Every Hamel basis has to be a Hamel basis. And I don't see how you are going to prove anything about the (Hamel) dimension of a vector space without considering Hamel bases.

 

[Dick]

Ok, so if the series is Cauchy then it converges. Isn't convergence independent of basis? I guess I don't see anything wrong with jdstokes claim that this constitutes a proof that a Hamel basis must be uncountable.

 

[Hurkyl]

Incidentally, I've been assuming the whole time we're talking about what I know as $\ell^2$. I just noticed the OP wrote $\ell_2^\infty$ -- is this what he means?

Ok, so if the series is Cauchy then it converges. Isn't convergence independent of basis? I guess I don't see anything wrong with jdstokes claim that this constitutes a proof that a Hamel basis must be uncountable.

Yes, convergence is independent of basis -- that simply means it doesn't matter what basis you use when you prove/disprove that a sum converges.

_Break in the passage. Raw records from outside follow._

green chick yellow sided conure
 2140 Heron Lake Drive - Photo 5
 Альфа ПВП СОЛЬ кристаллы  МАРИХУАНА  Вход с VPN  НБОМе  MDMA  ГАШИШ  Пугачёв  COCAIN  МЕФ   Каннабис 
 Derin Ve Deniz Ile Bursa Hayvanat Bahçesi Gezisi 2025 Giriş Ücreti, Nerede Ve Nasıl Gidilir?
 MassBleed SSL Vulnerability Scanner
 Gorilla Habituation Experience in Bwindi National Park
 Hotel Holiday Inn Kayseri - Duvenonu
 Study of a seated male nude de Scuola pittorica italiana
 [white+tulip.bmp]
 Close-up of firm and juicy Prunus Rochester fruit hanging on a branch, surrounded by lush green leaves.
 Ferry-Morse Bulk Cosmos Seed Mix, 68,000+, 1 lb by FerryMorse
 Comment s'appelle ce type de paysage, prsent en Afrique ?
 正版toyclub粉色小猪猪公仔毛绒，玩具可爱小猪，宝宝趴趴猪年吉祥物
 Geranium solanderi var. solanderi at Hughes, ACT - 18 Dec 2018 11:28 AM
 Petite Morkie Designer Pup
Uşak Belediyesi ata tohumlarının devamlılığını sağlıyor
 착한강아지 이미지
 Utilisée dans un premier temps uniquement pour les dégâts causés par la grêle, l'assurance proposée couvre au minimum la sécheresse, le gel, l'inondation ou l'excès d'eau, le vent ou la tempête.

That does not mean the form of theorems about convergence are basis-independent. To wit, the sum

$$\sum_{n = 0}^{+\infty} (1 / n) \mathbf{v}_n$$

diverges for "most" countable, linearly independent sequences $\{ \mathbf{v}_n \}$. (in both the Hamel and Schauder senses)

 

[Dick]

Incidentally, I've been assuming the whole time we're talking about what I know as $\ell^2$. I just noticed the OP wrote $\ell_2^\infty$ -- is this what he means?



Yes, convergence is independent of basis -- that simply means it doesn't matter what basis you use when you prove/disprove that a sum converges. That does not mean the form of theorems about convergence are basis-independent. To wit, the sum

$$\sum_{n = 0}^{+\infty} (1 / n) \mathbf{v}_n$$

diverges for "most" countable, linearly independent sequences $\{ \mathbf{v}_n \}$. (in both the Hamel and Schauder senses)

Sure. But in this problem v_n are orthonormal. He assumed the Hamel basis was countable and Gram Schmidted it. The Cauchyness of the sum and the completeness of the space then implies the existence of the sum which contradicts the Hamelness of the basis. I hope this is the usual ell2, maybe the infinity indicates a completion of the space of finite combinations?